Here's a method any elementary school student would be proud of. Light off a couple of stink bombs into a crowd, and the only ones left will be the hygenically challenged and those without noses. Many chemicals have earned their stripes against rioters, among them Cadaverine and Putricine. And no, the names aren't coincidental!
The smell of rotting flesh and faeces is a surefire way to gather lots of vomit, and it has a habit of getting into fabrics and even wigs - no amount of washing will help. Sorry man, burn the shirt. Additionally, you'd better get used to living surrounded by carrion birds and flies until the smell dissipates.
If the whole world is watching your every move, distract them by dousing the news crews with bug juice! Used against enemy troops in combat to instill paranoia and confusion, this will turn even the most resolute crowd into a mob of laughing, dancing idiots.
While hilarious for you to watch, obtaining large amounts of suitable chemicals is difficult, and not to mention illegal in most countries.
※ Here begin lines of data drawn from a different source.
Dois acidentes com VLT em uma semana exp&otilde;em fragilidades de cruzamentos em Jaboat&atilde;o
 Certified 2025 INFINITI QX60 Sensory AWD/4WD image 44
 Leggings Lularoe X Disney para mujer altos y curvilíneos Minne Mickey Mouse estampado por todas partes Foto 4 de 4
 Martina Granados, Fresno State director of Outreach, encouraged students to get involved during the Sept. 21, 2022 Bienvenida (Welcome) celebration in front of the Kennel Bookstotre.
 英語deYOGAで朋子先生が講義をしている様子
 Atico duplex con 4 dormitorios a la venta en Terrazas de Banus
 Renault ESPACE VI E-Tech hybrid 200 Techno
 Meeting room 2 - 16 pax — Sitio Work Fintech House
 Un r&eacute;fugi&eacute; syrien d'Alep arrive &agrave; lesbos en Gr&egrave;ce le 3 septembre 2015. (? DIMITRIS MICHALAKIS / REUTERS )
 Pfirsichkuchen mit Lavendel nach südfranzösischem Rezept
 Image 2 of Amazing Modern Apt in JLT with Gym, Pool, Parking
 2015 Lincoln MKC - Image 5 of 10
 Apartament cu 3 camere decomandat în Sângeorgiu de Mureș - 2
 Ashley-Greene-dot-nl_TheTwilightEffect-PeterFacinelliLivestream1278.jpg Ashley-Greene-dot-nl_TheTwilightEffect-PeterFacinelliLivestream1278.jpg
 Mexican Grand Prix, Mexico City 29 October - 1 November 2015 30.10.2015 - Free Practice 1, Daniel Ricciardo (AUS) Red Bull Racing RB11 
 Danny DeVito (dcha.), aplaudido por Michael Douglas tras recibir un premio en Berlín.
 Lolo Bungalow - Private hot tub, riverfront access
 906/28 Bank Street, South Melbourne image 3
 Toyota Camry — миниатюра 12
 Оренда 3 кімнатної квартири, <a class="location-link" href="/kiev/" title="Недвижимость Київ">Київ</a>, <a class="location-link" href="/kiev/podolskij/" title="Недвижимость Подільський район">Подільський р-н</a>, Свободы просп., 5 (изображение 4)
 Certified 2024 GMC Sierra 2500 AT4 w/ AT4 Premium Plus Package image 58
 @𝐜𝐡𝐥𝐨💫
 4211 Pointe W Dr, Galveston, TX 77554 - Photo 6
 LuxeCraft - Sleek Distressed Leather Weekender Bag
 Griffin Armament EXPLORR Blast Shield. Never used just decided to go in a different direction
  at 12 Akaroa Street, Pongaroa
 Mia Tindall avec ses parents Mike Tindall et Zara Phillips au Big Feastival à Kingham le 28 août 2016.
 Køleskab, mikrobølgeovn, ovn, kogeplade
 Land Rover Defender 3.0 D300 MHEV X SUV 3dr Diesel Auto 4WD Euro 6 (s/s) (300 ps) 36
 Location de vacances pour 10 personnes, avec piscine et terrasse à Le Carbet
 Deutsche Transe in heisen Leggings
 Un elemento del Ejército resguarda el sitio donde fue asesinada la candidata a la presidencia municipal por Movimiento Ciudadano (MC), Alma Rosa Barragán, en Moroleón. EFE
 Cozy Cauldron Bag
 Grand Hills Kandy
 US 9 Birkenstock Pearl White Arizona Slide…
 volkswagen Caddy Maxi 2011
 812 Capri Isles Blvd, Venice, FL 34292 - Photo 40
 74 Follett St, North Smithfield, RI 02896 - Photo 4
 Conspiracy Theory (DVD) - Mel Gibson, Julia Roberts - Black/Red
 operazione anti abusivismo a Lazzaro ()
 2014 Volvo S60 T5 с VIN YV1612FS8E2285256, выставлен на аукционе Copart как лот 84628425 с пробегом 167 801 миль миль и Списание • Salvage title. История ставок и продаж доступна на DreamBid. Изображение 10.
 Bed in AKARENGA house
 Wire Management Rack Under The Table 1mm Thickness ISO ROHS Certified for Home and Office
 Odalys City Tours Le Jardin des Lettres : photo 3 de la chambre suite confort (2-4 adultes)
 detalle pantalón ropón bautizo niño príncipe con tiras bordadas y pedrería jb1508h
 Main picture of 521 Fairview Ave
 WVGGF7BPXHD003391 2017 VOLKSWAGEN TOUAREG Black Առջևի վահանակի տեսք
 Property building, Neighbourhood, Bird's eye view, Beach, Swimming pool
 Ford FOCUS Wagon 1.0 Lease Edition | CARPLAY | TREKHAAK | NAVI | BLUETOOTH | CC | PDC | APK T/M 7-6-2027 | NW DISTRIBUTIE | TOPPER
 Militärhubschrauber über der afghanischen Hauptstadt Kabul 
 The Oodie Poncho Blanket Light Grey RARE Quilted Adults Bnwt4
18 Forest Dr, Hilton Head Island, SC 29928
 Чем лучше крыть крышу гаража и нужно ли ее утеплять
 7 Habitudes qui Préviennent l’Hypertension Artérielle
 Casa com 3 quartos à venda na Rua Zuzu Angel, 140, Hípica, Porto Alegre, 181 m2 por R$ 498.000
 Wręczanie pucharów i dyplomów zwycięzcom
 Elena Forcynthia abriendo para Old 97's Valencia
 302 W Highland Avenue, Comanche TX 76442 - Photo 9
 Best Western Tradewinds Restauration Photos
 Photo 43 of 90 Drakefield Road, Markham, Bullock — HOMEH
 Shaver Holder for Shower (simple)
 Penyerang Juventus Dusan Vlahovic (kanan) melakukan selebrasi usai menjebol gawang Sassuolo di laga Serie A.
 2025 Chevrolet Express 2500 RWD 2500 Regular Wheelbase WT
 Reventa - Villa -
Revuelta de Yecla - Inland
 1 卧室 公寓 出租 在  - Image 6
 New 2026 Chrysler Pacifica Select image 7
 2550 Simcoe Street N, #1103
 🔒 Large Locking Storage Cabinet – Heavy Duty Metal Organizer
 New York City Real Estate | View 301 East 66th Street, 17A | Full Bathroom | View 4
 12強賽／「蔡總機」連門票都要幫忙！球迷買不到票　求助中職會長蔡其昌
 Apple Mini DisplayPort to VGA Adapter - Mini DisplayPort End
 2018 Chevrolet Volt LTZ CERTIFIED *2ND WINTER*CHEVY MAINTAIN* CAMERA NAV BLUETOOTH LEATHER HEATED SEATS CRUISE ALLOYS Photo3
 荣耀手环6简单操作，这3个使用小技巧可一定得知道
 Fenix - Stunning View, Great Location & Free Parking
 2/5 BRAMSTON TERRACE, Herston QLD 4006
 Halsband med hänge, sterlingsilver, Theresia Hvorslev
And if you have a tent full of hippies camping out on your lawn and they find out you're giving the stuff away, they won't ever leave!
Prevention is the Best Medicine
Then again, probably the easiest way to avoid becoming a prisoner in your own home or office is to not do anything that would attract a crowd in the first place. So don't be a bad person, do anything wrong or shocking, don't be famous or well liked, don't really say or do anything that anyone will see or hear... sounds like being a prisoner that way, too. Well, the choice is yours. Just remember, violence only breeds violence, so if you want some privacy, give 'em a load of non-lethal fury and watch 'em run.